Thinking clearly about liberal arts colleges: cost

Full moon at dawn, Winston Salem NC

If you wanted to build a low-cost college you might start by selecting the disciplines that are the least expensive to deliver.  And if you did that, you would find liberal arts disciplines at the top of the list. But if you were wondering which colleges in the United States are most expensive based on tuition and fees, schools that think of themselves as liberal arts colleges would also be at the top. Understanding this paradox is a key to thinking about the future of the liberal arts, and the future of college, in America.

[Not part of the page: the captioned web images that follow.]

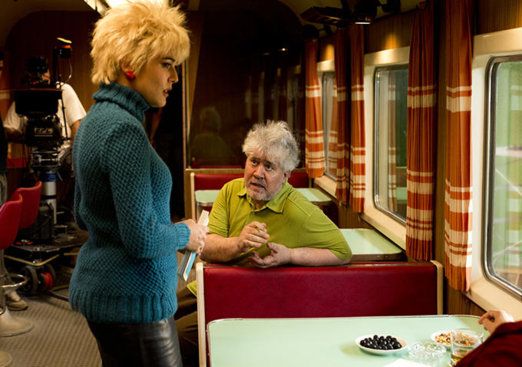 Public transport, Sweater, Train, Blond, Passenger, Rolling stock, Plate, Passenger car, Railway, Railroad car, 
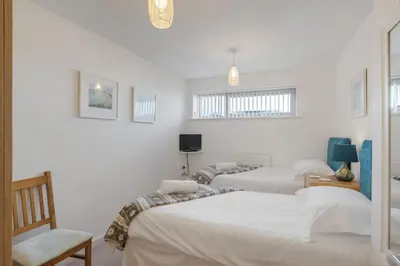 two beds in a room with white walls at Modern Mews Home with Sea Views Private Parking in Newquay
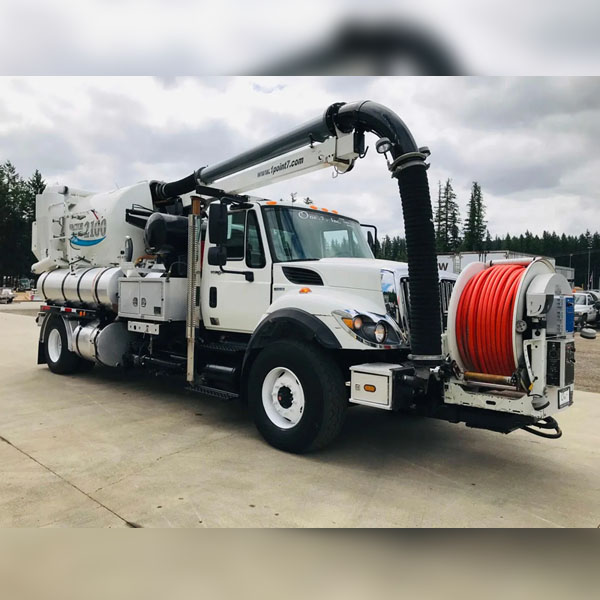 A Mansfield Sanitation truck with drain cleaning equipment and hoses attached.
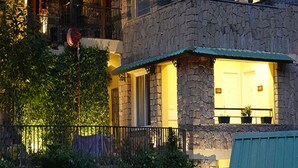 A stone building with a balcony, a door, and a window. - Araiya Palampur (Palampur)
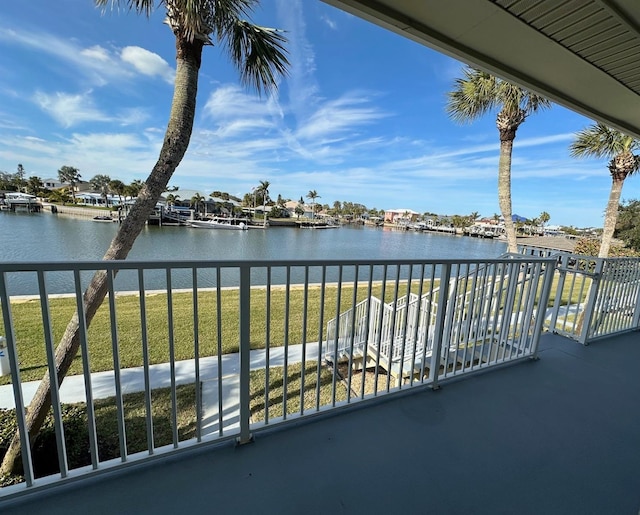 balcony featuring a water view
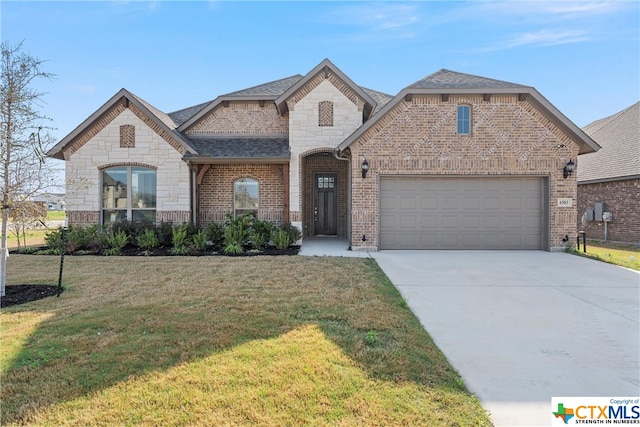 french country home with a garage and a front yard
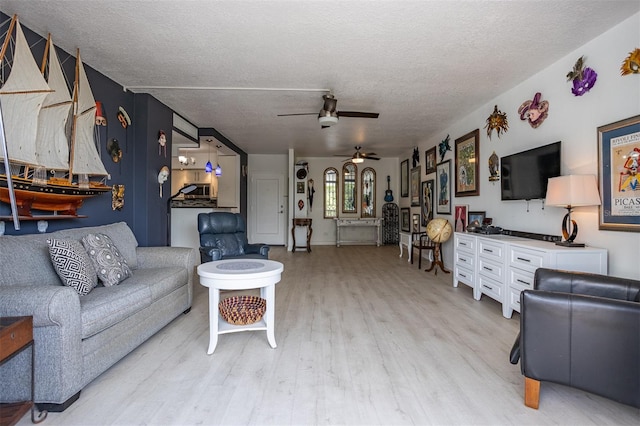 30 Turner St Unit 202, Clearwater, FL 33756 - living room with light wood-style flooring, a textured ceiling, and ceiling fan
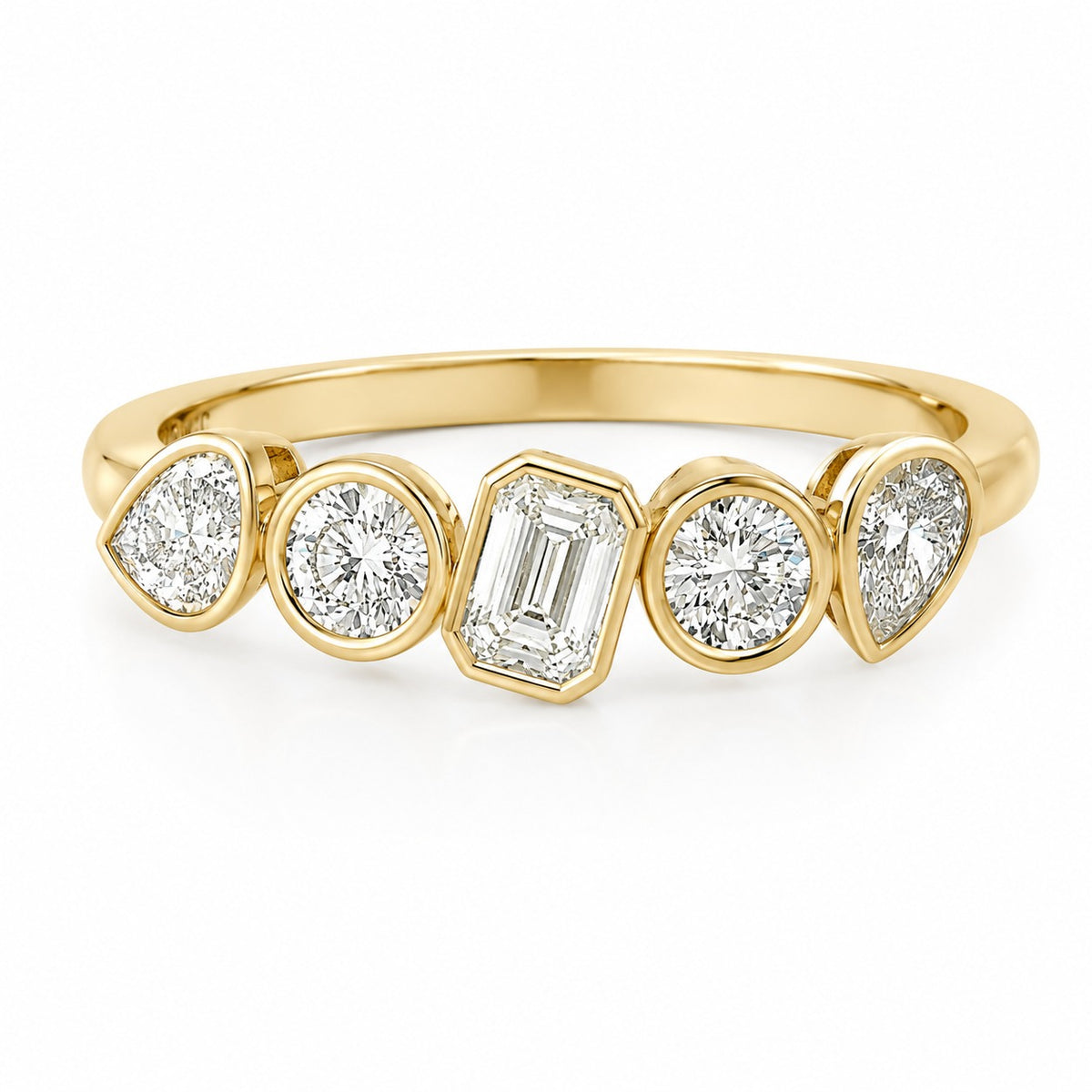 Yellow gold diamond ring featuring an emerald-cut center diamond accented by round and pear-shaped bezel-set diamonds on a polished band, displayed on a light gray background.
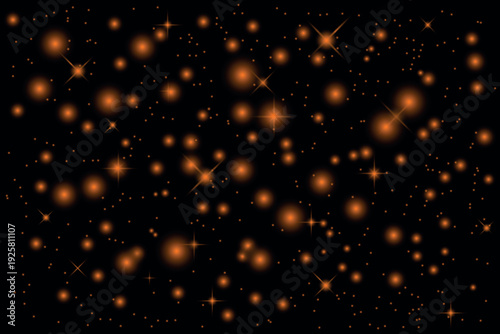 A blurry image of numerous orange and white dots against a black background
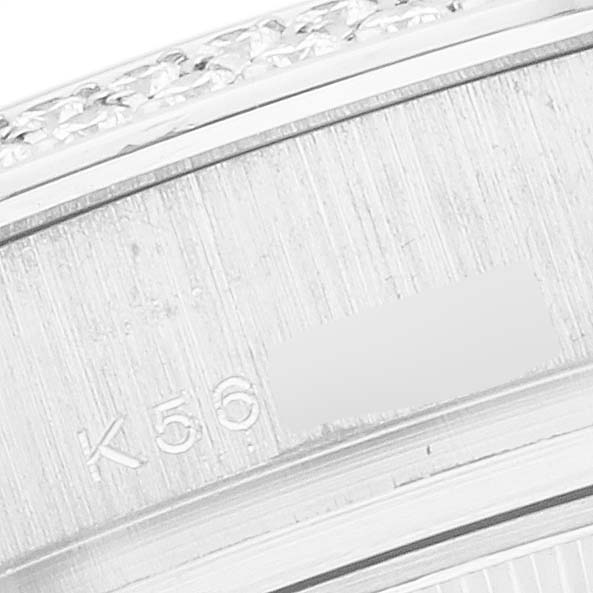 The image shows a close-up of the bracelet and case back edge of a Rolex Pearlmaster 80339 Women
s White Gold Mother of Pearl Dial, highlighting engraved markings.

Why are the liberal arts inexpensive? Liberal arts faculty earn less, on average, than faculty in other disciplines (though some social science disciplines are also low-paying). There are many more qualified liberal arts faculty than there are available full-time liberal arts faculty positions, which depresses salaries. So does the fact that in many disciplines there is limited competition from “industry” for people with advanced liberal arts degrees.

The liberal arts are inexpensive to deliver.  Few require special classrooms or equipment, and even those that do–biology for instance–can be outfitted to meet undergraduate needs at a manageable cost. Learning materials aren’t specialized. Many are in the public domain and those that aren’t can be readily acquired. And liberal arts disciplines have worked hard to provide low-cost materials to students.

Why are liberal arts colleges expensive? If you pay attention to debates about college costs, you can recite a number of answers to this question. College cost increases, though moderating significantly in the recent past, have risen faster than inflation for decades. The easy availability of student loans makes it possible for colleges to raise their rates. Because cost is a signal of prestige, tuition and fees at liberal arts colleges are higher than those at other sorts of institutions.

Behind these causes there are two others, equally obvious but less frequently remarked.  First, liberal arts colleges receive fewer operational subsidies from local, state, and federal governments than do other sorts of institutions. Community college operations are subsidized by city and county governments.  Public universities are subsidized by state governments. (Those few public liberal arts colleges receive these subsidies as well, and charge less expensive tuition than their independent counterparts). And the federal government subsidizes the operations of research institutions. The bulk of liberal arts colleges don’t have access to these operational subsidies and therefore have to find other ways to cover operational costs.  Charging higher tuition is one of them.

Second, while the liberal arts are inexpensive to deliver, liberal arts colleges offer all sorts of services, activities, and programs that are not directly related to the liberal arts. These activities can be valuable for students, and many of them–study abroad, say, or athletics, or living on campus–are routinely associated with institutions that call themselves liberal arts colleges. Those same activities, though, flourish on all sorts of campuses and may not bear any liberal arts imprints.  They are also expensive to deliver, and raise the cost of an education at schools that call themselves liberal arts colleges.

Does it matter?

People from all sorts of financial backgrounds perceive college to be expensive. And people perceive the liberal arts to be less useful than other fields of study–business, say, or nursing, or the trades.  Given these truths, many liberal arts colleges have eliminated liberal arts disciplines.  Others have added new disciplines outside the liberal arts.  Still more have built out the co-curriculum so that the experience outside the classroom is attractive to undergraduates even if the liberal arts may not be.

All of these moves are rational.  But none of them respond to the truth at the core of this essay–that the liberal arts are cheap but liberal arts colleges are not.  This truth suggests another approach, one that embraces the liberal arts both because of their intrinsic value and because they can be taught and learned inexpensively. It then reduces other costs so that the price to students shrinks and the experience of students is consistently a liberal arts experience. Several start-up colleges (here, here, and here) have designed themselves in this way, promising a rigorous liberal arts education coupled only with the experiences most essential to heighten the meaning of that education.  I suspect we will see more established liberal arts colleges follow that path.